-- Opening Marker --
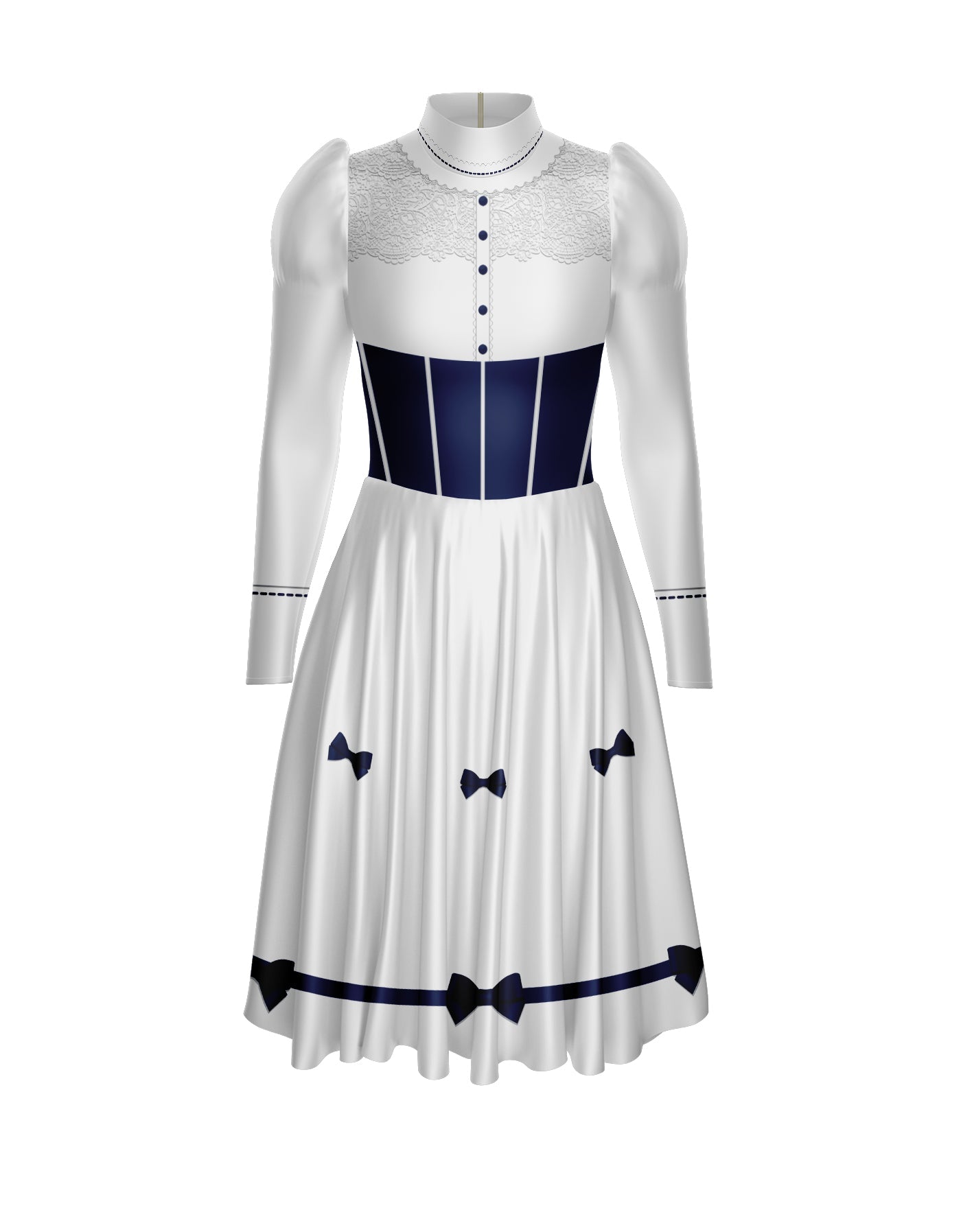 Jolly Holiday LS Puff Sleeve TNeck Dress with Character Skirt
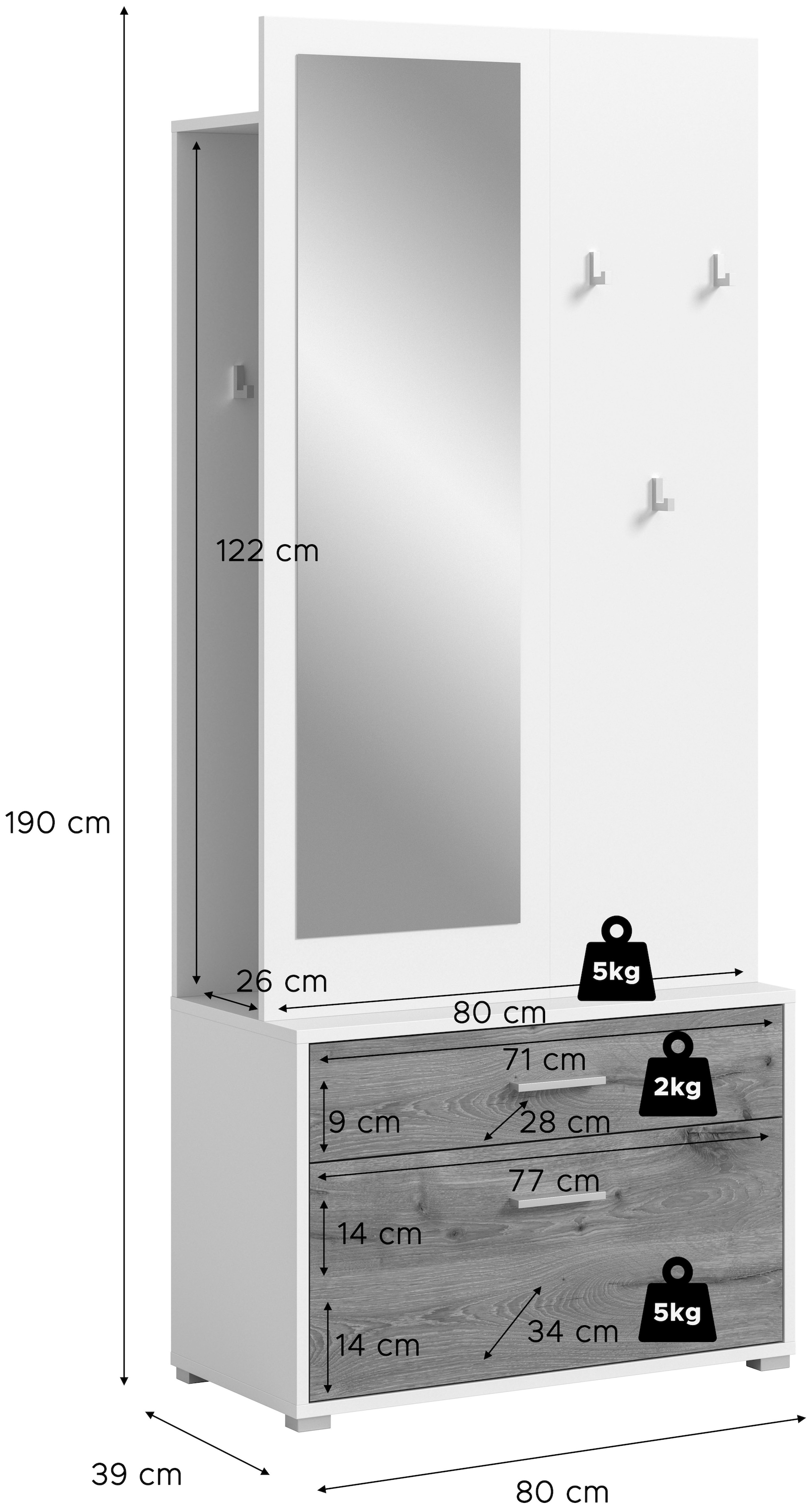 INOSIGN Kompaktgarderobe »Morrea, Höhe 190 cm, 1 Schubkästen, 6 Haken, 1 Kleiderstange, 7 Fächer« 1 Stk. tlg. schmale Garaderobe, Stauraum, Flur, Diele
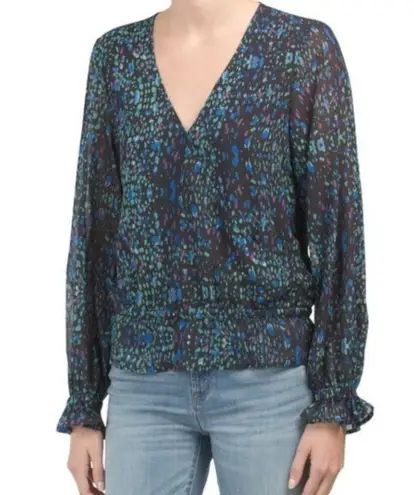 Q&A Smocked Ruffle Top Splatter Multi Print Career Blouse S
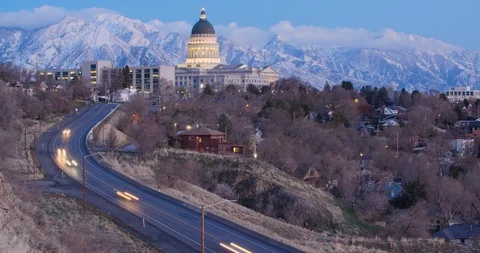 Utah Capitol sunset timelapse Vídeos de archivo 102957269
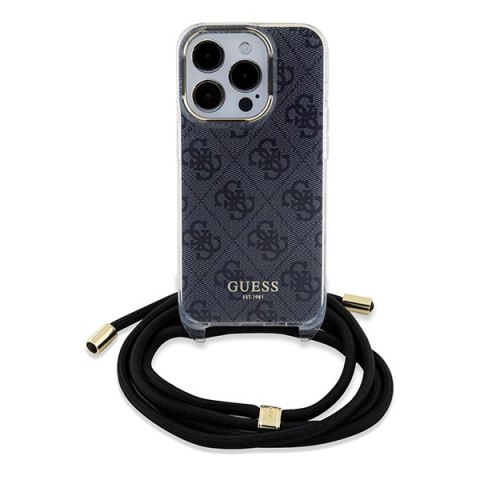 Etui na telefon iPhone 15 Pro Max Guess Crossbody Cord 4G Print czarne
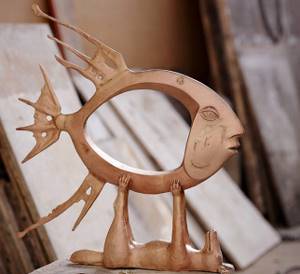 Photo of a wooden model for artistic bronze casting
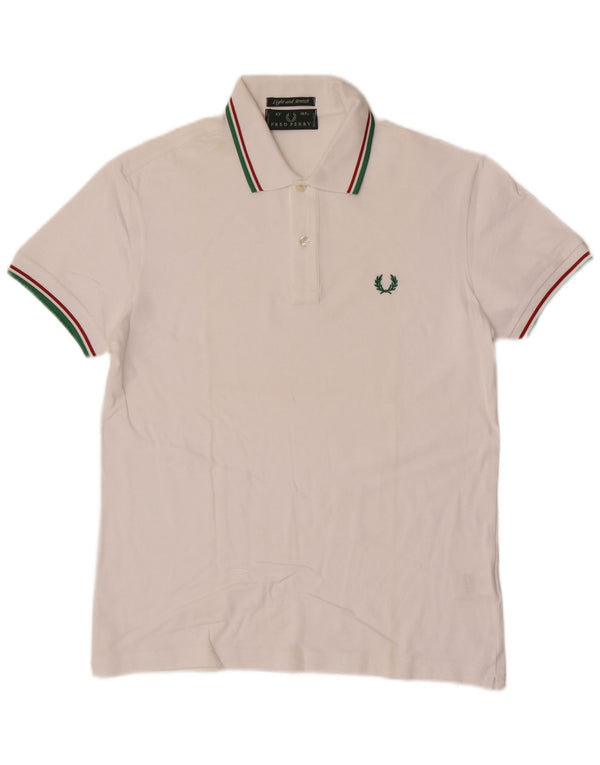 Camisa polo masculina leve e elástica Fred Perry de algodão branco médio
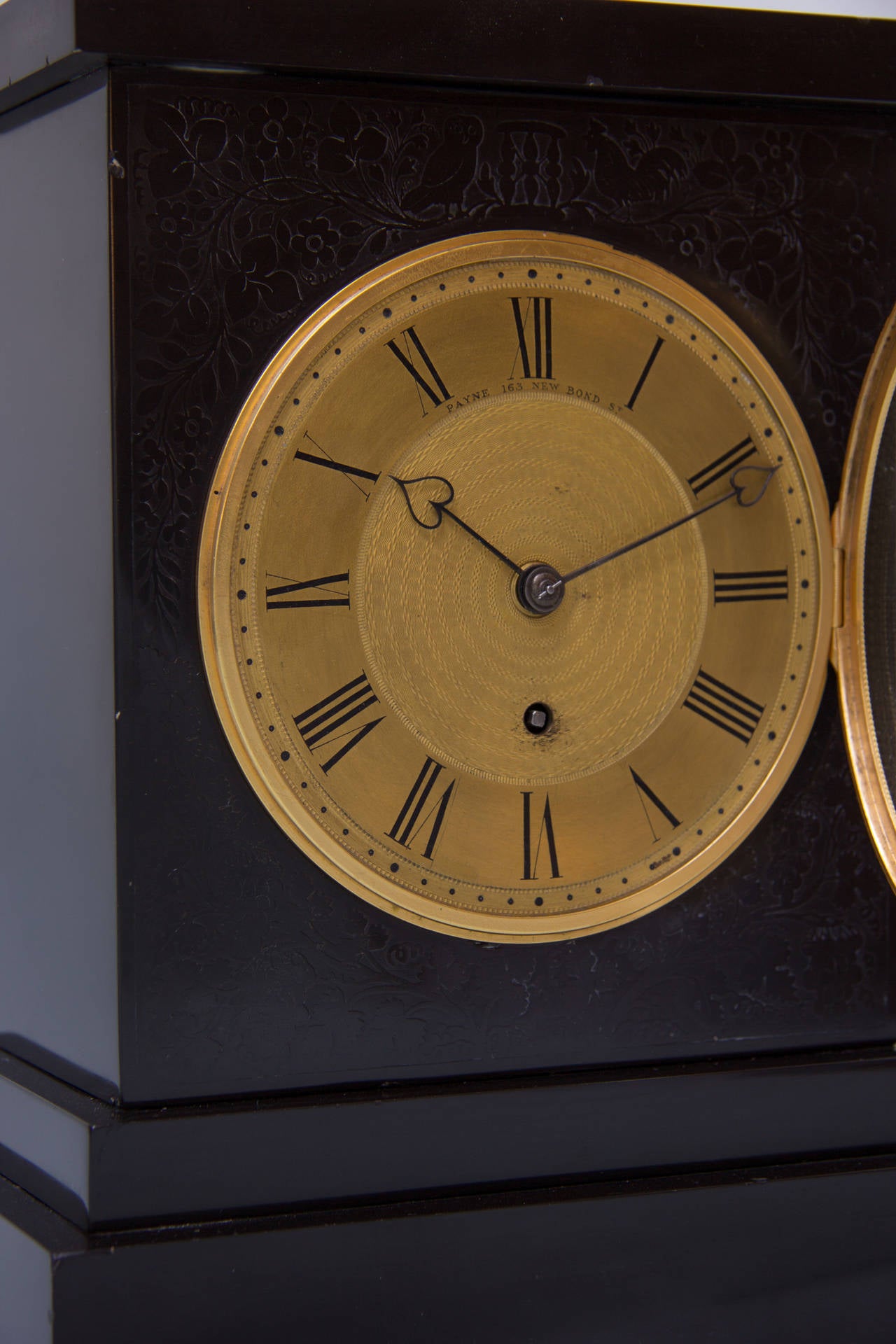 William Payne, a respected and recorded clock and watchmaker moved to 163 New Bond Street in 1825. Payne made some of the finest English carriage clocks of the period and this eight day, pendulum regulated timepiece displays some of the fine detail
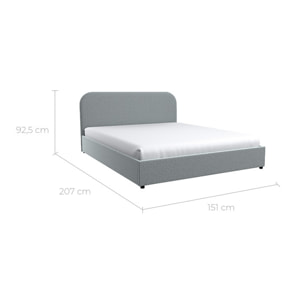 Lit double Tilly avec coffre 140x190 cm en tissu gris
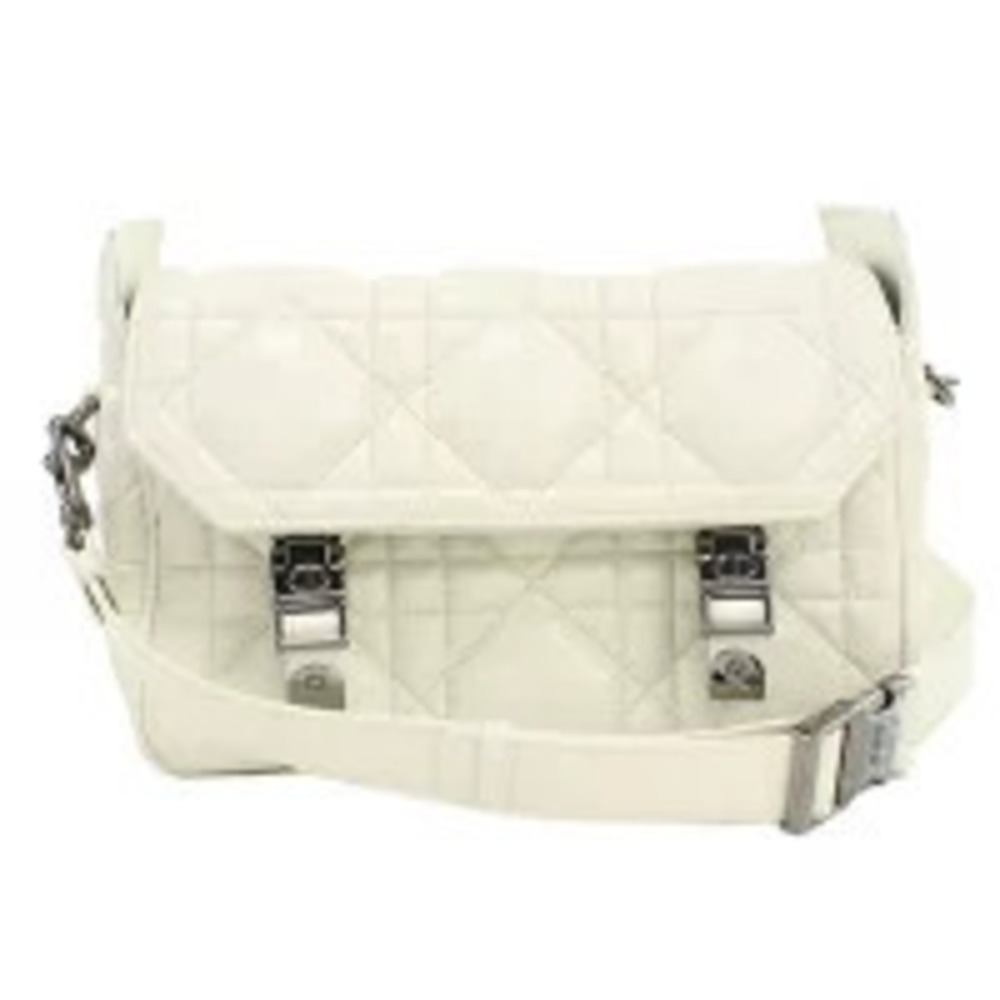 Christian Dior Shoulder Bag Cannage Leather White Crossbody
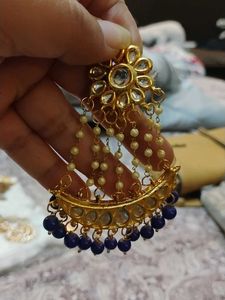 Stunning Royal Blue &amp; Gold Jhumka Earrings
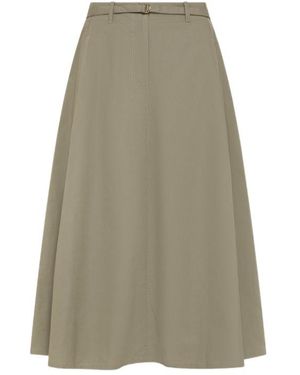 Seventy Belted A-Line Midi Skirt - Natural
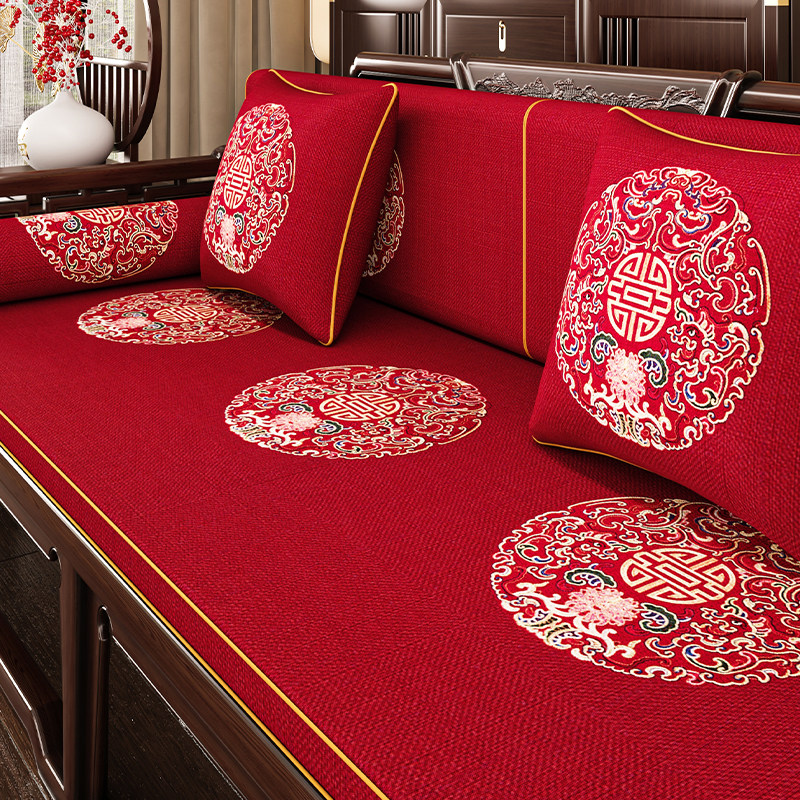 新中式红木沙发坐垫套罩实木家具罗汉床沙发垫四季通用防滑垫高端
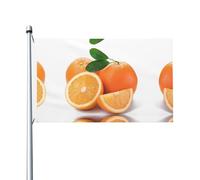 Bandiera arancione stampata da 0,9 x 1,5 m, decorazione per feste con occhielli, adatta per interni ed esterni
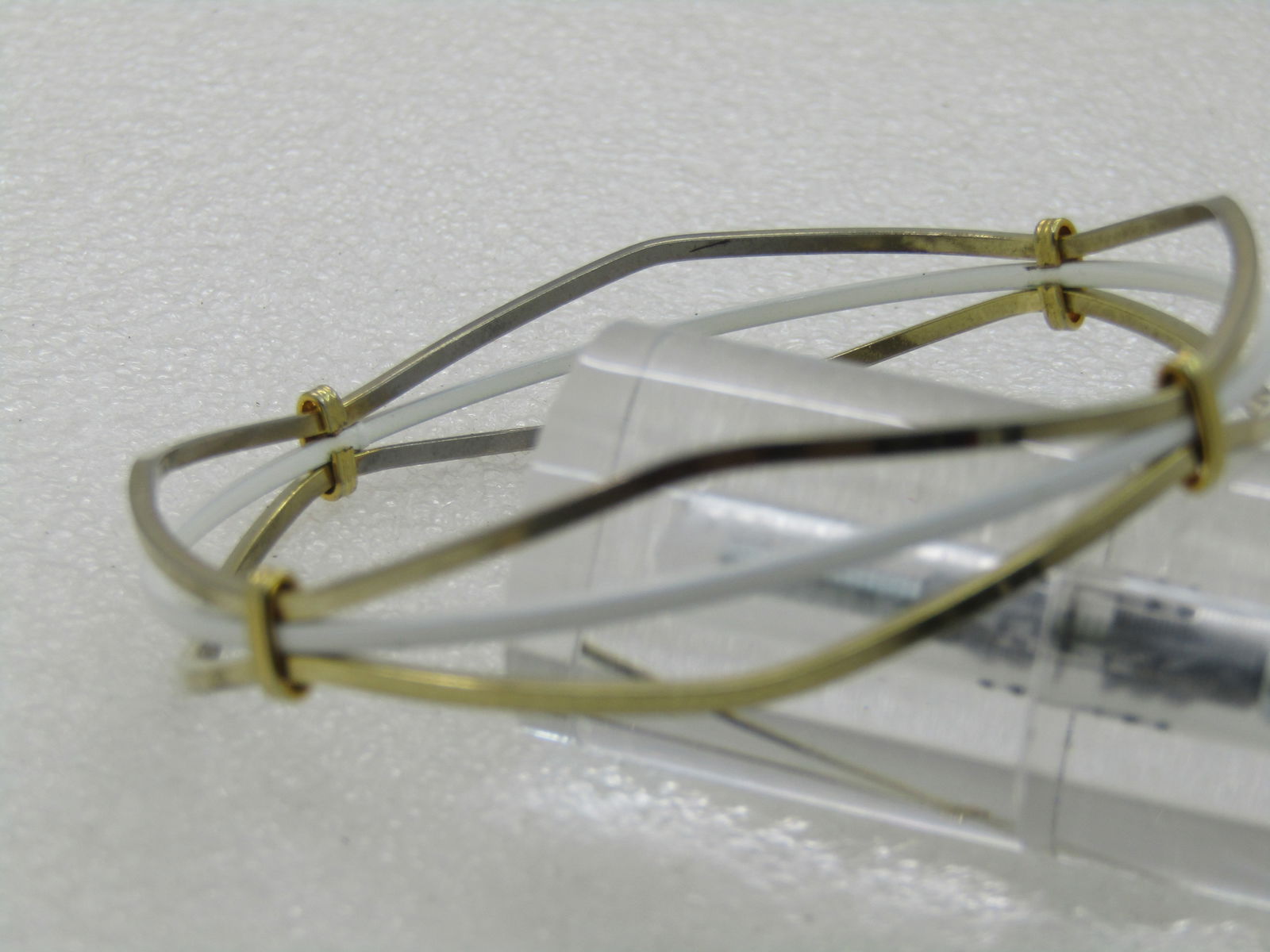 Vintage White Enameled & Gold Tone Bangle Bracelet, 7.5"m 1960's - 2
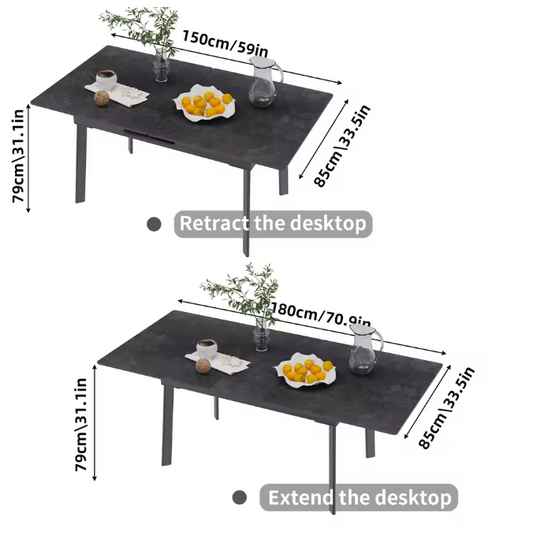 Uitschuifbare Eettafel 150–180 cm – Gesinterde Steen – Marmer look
-- Closing Marker --
» THE PROBLEM:
The copy must start at the line containing "Q&A Smocked Ruffle" and end at the last line of the data, matching each line exactly. It must hold no pictures.

» EXERCISE RESULT:
 Q&A Smocked Ruffle Top Splatter Multi Print Career Blouse S
 Utah Capitol sunset timelapse Vídeos de archivo 102957269
 Etui na telefon iPhone 15 Pro Max Guess Crossbody Cord 4G Print czarne
 Photo of a wooden model for artistic bronze casting
 Camisa polo masculina leve e elástica Fred Perry de algodão branco médio
 William Payne, a respected and recorded clock and watchmaker moved to 163 New Bond Street in 1825. Payne made some of the finest English carriage clocks of the period and this eight day, pendulum regulated timepiece displays some of the fine detail
 Lit double Tilly avec coffre 140x190 cm en tissu gris
 Christian Dior Shoulder Bag Cannage Leather White Crossbody
 Stunning Royal Blue &amp; Gold Jhumka Earrings
 Seventy Belted A-Line Midi Skirt - Natural
 新中式红木沙发坐垫套罩实木家具罗汉床沙发垫四季通用防滑垫高端
 Bandiera arancione stampata da 0,9 x 1,5 m, decorazione per feste con occhielli, adatta per interni ed esterni
 Vintage White Enameled & Gold Tone Bangle Bracelet, 7.5"m 1960's - 2
 Uitschuifbare Eettafel 150–180 cm – Gesinterde Steen – Marmer look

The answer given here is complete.